··· DATA FOR THE TASK

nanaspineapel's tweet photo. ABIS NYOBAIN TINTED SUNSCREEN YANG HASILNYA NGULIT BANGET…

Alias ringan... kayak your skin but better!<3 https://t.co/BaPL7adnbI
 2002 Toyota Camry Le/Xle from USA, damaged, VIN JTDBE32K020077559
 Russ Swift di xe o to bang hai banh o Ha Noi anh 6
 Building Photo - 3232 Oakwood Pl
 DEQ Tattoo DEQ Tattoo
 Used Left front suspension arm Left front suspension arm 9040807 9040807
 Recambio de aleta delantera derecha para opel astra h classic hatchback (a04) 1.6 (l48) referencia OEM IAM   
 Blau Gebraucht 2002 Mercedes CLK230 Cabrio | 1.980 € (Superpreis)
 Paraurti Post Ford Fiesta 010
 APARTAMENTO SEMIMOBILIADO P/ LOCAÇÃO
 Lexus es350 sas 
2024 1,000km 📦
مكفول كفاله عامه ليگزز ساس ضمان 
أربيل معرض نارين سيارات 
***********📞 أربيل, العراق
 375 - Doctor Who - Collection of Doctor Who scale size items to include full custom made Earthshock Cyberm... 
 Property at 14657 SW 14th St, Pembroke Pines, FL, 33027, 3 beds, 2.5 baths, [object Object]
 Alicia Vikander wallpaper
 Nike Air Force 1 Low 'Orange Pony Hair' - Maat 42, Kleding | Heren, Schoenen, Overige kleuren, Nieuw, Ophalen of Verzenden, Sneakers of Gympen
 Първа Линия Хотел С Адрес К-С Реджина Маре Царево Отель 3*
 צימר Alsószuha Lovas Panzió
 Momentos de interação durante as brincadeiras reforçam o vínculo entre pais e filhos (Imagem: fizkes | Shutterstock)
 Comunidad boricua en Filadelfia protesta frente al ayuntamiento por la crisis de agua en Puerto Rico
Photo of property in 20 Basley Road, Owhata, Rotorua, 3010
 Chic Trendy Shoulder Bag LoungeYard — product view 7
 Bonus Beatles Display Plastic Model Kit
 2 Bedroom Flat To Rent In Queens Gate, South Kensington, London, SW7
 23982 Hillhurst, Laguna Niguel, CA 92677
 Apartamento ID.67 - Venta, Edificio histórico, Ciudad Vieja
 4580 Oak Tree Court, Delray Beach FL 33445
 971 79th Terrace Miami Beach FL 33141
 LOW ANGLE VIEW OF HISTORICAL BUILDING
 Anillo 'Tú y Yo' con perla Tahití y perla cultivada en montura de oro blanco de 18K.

······

▸ **EXERCISE**: Your answer should consist of all lines in the listing above that contain "أربيل".

▸ **YOUR SOLUTION**:
أربيل معرض نارين سيارات 
***********📞 أربيل, العراق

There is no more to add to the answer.